DATA SHOWN:
──────────

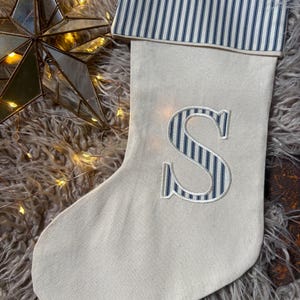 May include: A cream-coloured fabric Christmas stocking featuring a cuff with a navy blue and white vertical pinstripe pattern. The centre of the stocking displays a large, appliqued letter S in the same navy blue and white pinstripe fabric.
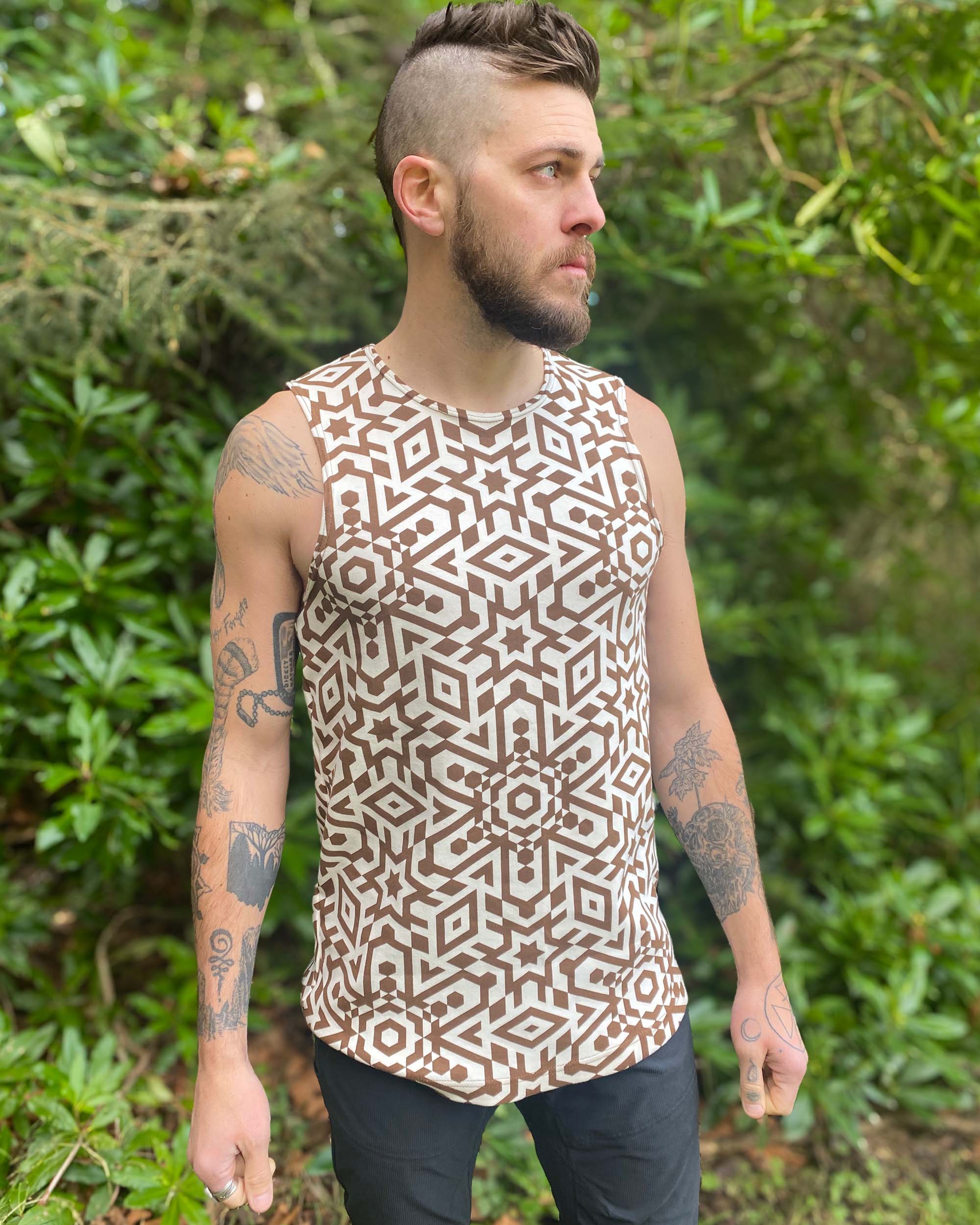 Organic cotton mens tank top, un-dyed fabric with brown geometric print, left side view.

──────────

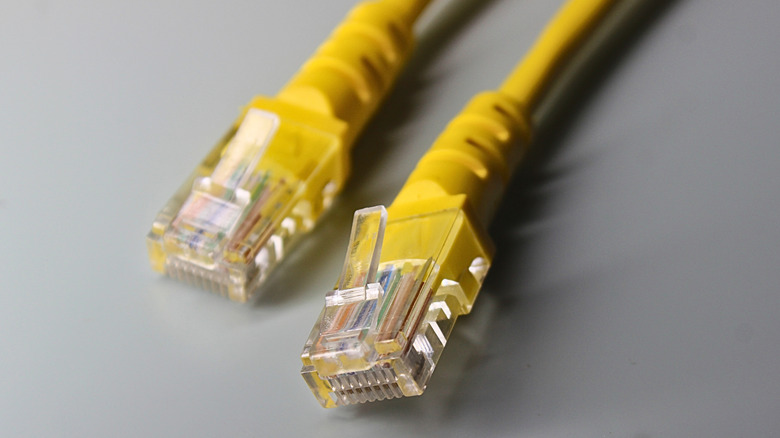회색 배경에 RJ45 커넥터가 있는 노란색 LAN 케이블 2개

──────────

EXERCISE: Would you give again, exactly, the lines in the data above that run from the line containing "May include: A" to the line containing "Organic cotton mens"? Include both ends and no pictures.

OUTPUT FOR THIS TASK:
 May include: A cream-coloured fabric Christmas stocking featuring a cuff with a navy blue and white vertical pinstripe pattern. The centre of the stocking displays a large, appliqued letter S in the same navy blue and white pinstripe fabric.
 Organic cotton mens tank top, un-dyed fabric with brown geometric print, left side view.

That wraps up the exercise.